EXERCISE DIRECTIONS: Output, word for word, the line that contains "Угловой диван Босс" and all lines following it to the end of the listing. Drop the pictures.

DATASET EXCERPT:

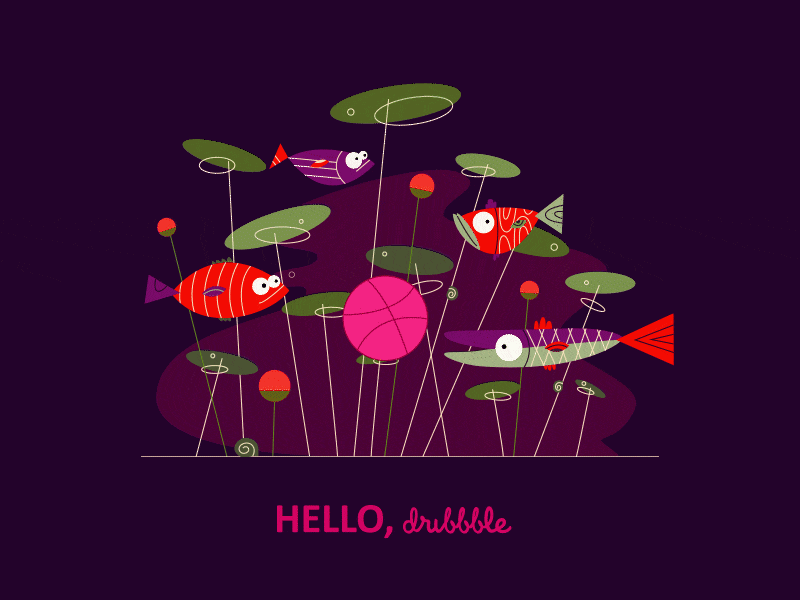 Hello, dribbble 2danimation first shot funny fish hello dribble motion design vector illustration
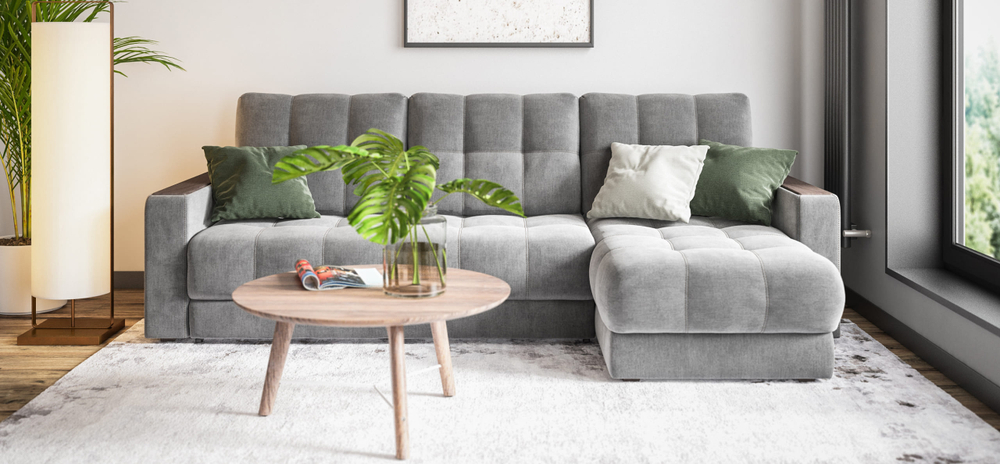 Угловой диван Босс Классик Велюр Монолит серый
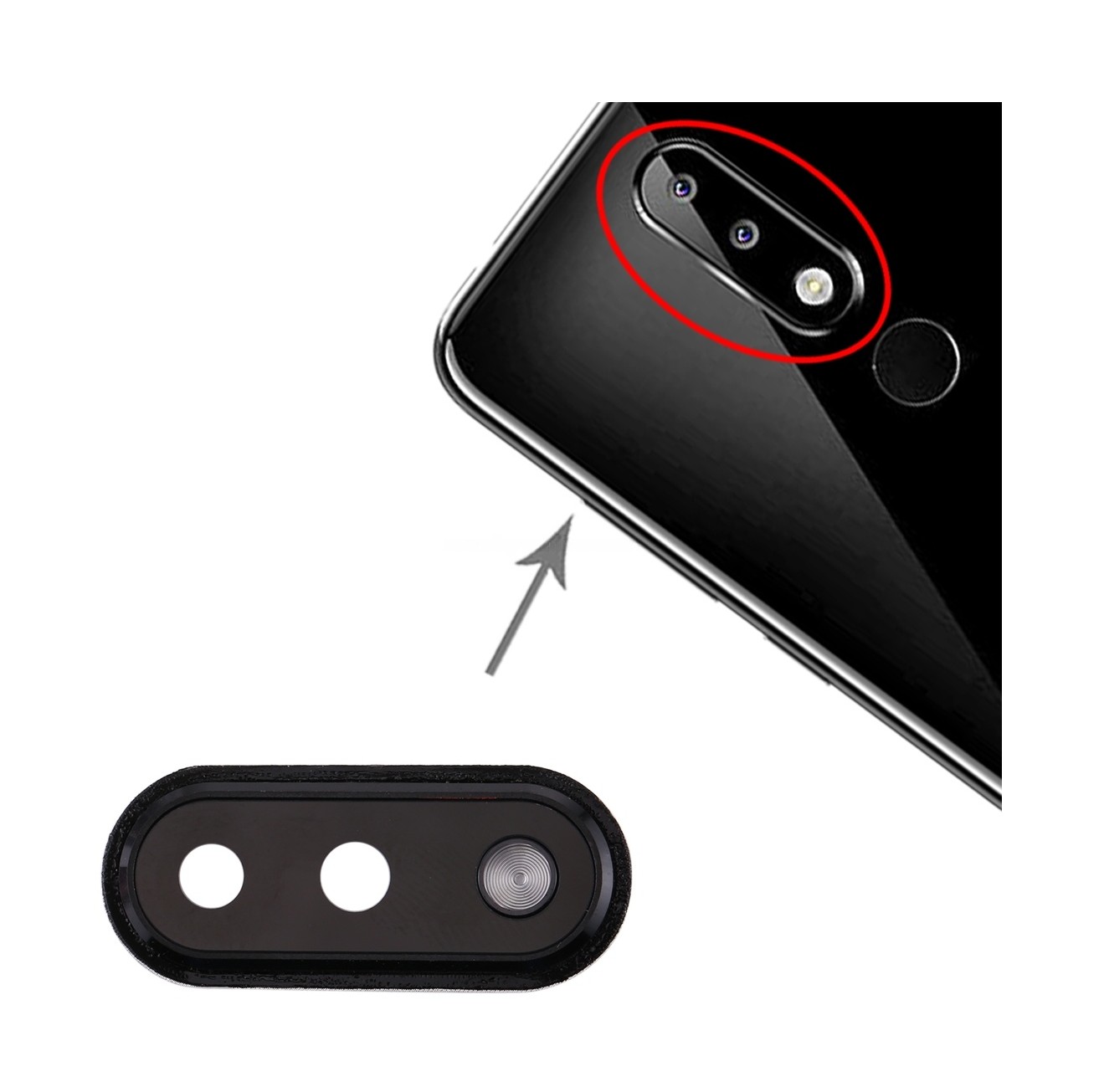 Camera Lens Cover for Nokia X5(Black)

ANSWER SECTION:
 Угловой диван Босс Классик Велюр Монолит серый
 Camera Lens Cover for Nokia X5(Black)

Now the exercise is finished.